Trump's claim triggered a quick uproar from critics who said the president was trading in anti-Semitic stereotypes. It came amid his ongoing feud with Democratic congresswomen Ilhan Omar of Minnesota and Rashida Tlaib of Michigan, both Muslim.
Trump has closely aligned himself with Israel, including its conservative prime minister Benjamin Netanyahu, while the Muslim lawmakers have been outspoken critics of Israel's treatment of the Palestinians.
“Where has the Democratic Party gone? Where have they gone where they are defending these two people over the state of Israel?” Trump told reporters in the Oval Office. “I think any Jewish people that vote for a Democrat, I think it shows either a total lack of knowledge or great disloyalty.”
At Trump's urging, Israel last week blocked Omar and Tlaib from entering the country. Israel later agreed to a humanitarian visit for Tlaib to visit her grandmother, who lives in the West Bank. Tlaib declined, saying her grandmother had ultimately urged her not to come under what they considered to be humiliating circumstances.
Trump called Omar a “disaster” for Jews and said he didn't “buy” the tears that Tlaib shed Monday as she discussed the situation. Both congresswomen support the Boycott, Divestment and Sanctions movement, a global protest of Israel.
Trump's comments were denounced swiftly by Jewish American organizations.
“This is yet another example of Donald Trump continuing to weaponize and politicize anti-Semitism,” said Halie Soifer, executive director of the Jewish Democratic Council of America. Logan Bayroff of the liberal J Street pro-Israel group said it was “no surprise that the president's racist, disingenuous attacks on progressive women of color in Congress have now transitioned into smears against Jews.”
Ann Lewis and Mark Mellman of Democratic Majority for Israel called it “one of the most dangerous, deadly accusations Jews have faced over the years.”
The Republican Jewish Coalition defended Trump, arguing that the president was speaking about people being disloyal to themselves rather than to Israel.
“President Trump is right, it shows a great deal of disloyalty to oneself to defend a party that protects/emboldens people that hate you for your religion,” the group said in a tweet.

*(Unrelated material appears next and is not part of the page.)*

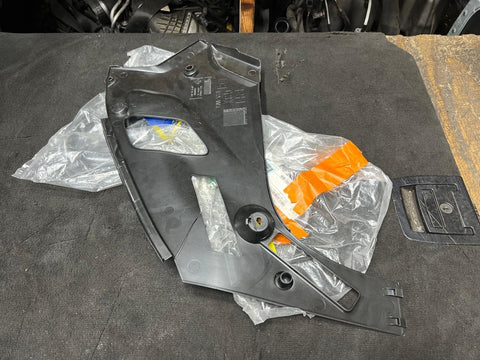 NEW 18-23 BMW F90 M5 Upper Right Engine Compartment Cover 51767349604 *Cracked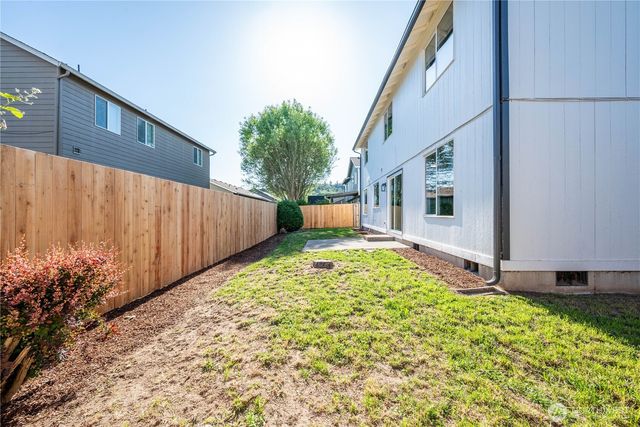 141 Vermillion Road, Kelso, WA 98626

According to AP VoteCast, a survey of the 2018 electorate, 72% of Jewish voters supported Democratic House candidates in 2018. Similarly, 74% said they disapprove of how Trump is handling his job.
A Pew Research Center poll conducted in April found that among Jewish Americans, 42% said Trump is favoring the Israelis too much, 6% said he's favoring the Palestinians too much and 47% said he's striking the right balance.